From the collections attribute of the contour collection, which is returned by the contour function, you can get the paths describing each contour. The paths' vertices attributes then contain the ordered vertices of the contour.

Using the vertices you can approximate the contour integral 0.5*(x*dy-y*dx), which by application of Green's theorem gives you the area of the enclosed region.

However, the contours must be fully contained in the plot, because otherwise the contours are broken up into multiple, not necessarily connected paths and the method breaks down.

Here's the method used to compute the area enclosed of the radius function, i.e. r = (x^2 + y^2)^0.5, for r=1.0, r=2.0, r=3.0.

import numpy as np
import matplotlib.pylab as plt

# Use Green's theorem to compute the area
# enclosed by the given contour.
def area(vs):
    a = 0
    x0,y0 = vs[0]
    for [x1,y1] in vs[1:]:
        dx = x1-x0
        dy = y1-y0
        a += 0.5*(y0*dx - x0*dy)
        x0 = x1
        y0 = y1
    return a

# Generate some test data.
delta = 0.01
x = np.arange(-3.1, 3.1, delta)
y = np.arange(-3.1, 3.1, delta)
X, Y = np.meshgrid(x, y)
r = np.sqrt(X**2 + Y**2)

# Plot the data
levels = [1.0,2.0,3.0]
cs = plt.contour(X,Y,r,levels=levels)
plt.clabel(cs, inline=1, fontsize=10)

# Get one of the contours from the plot.
for i in range(len(levels)):
    contour = cs.collections[i]
    vs = contour.get_paths()[0].vertices
    # Compute area enclosed by vertices.
    a = area(vs)
    print "r = " + str(levels[i]) + ": a =" + str(a)

plt.show()

Output:

r = 1.0: a = 2.83566351207
r = 2.0: a = 11.9922190971
r = 3.0: a = 27.3977413253

Answer 2

Obviously, the results for r=1,2,3 in @spfrnd's answer are far off the exact areas for circles according to A(r) = pi r^2, even for a rather dense grid.
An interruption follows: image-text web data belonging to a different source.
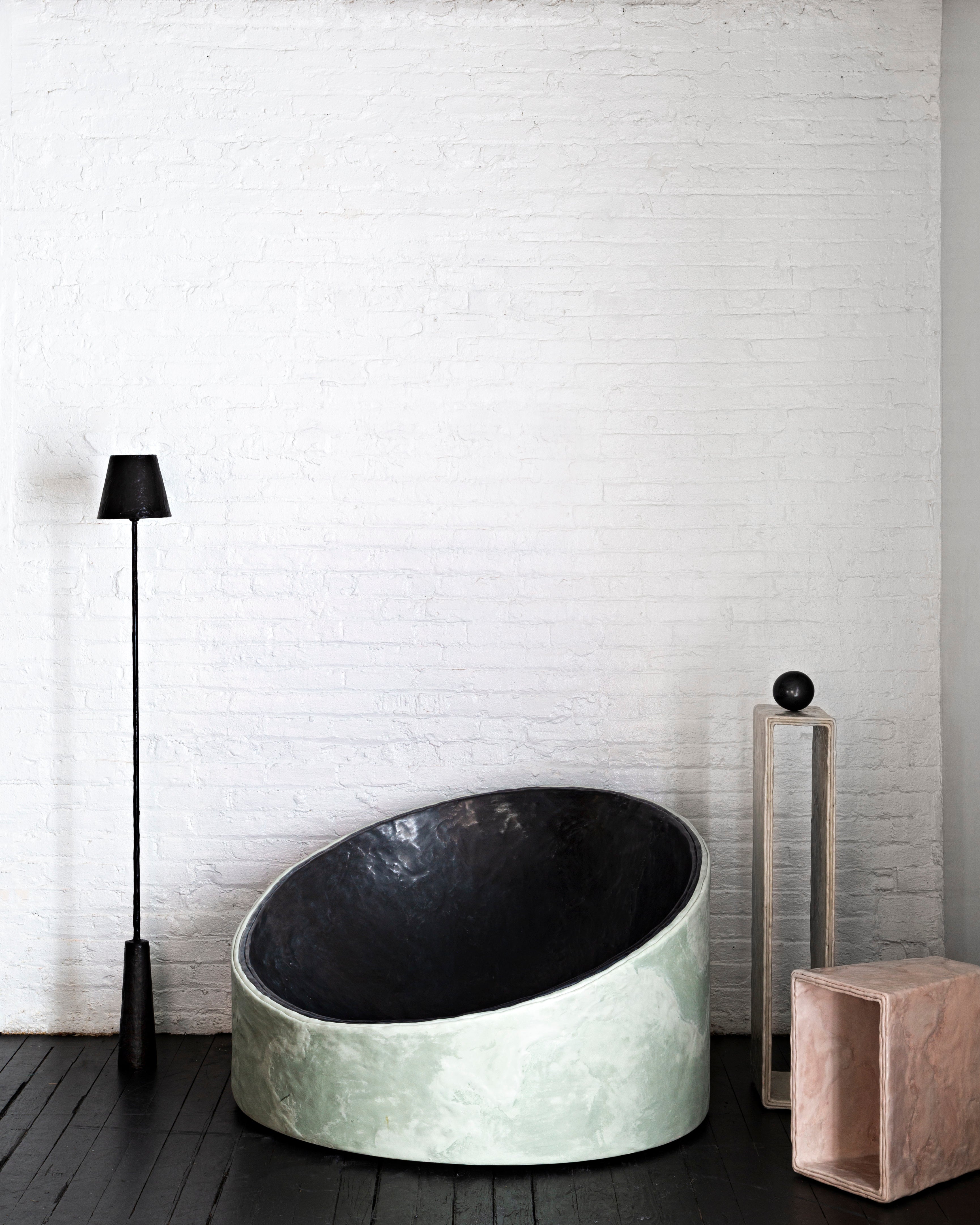 The Plane side table by Bailey Fontaine is hand sculpted from cement. On display at Tuleste Factory, a non-traditional gallery in New York City.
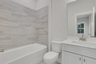 bathroom with white cabinets and shower/tub combo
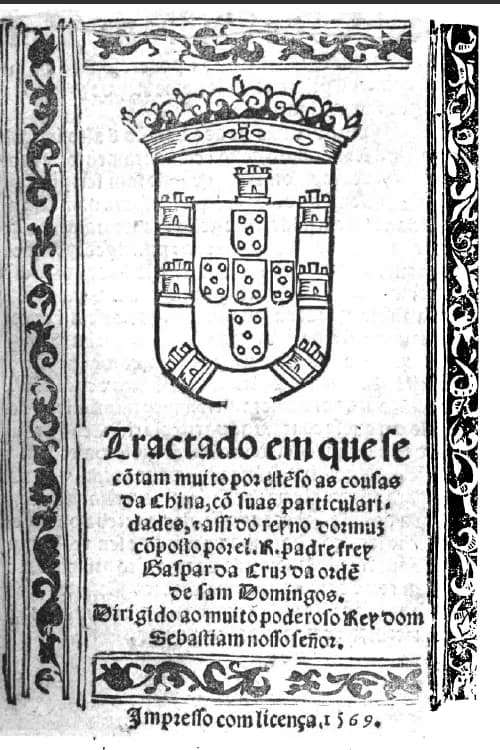 A printed title page inside a border of black and white scrollwork. A large crowned Portuguese royal coat of arms fills the upper half. Below it, black-letter type gives the title, the author Gaspar da Cruz of the Order of Saint Dominic, a dedication to King Sebastião, and at the foot the words printed with licence, 1569.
The reason the above code doesn't work properly is that the returned vertices are incomplete due to the clabels generated by

plt.clabel(cs, inline=1, fontsize=10)

and consequently, the shoelace algorithm calculates the wrong area.

You can verify this easily by plotting the returned vertices next to the contour plot (best use a larger delta or keep only every Nth point via the :: operator)

N = 10
vs = cs.collections[0].get_paths()[0].vertices                                   
plt.plot(vs[::N, 0], vs[::N, 1], marker="x", alpha=0.5)

For a visualization, see this picture.

Removing the clabels leads to quite accurate results, even for rather coarse grids. Setting inline=False in the clabel command does the job as well.

Answer 3

A vectorized version of @spfrnd's answer to compute the area:

x=contour.vertices[:,0]
y=contour.vertices[:,1]
area=0.5*np.sum(y[:-1]*np.diff(x) - x[:-1]*np.diff(y))
area=np.abs(area)

Note that you may need to take the abs of the area because if the points along the contour are oriented in the opposite direction the result will be negative.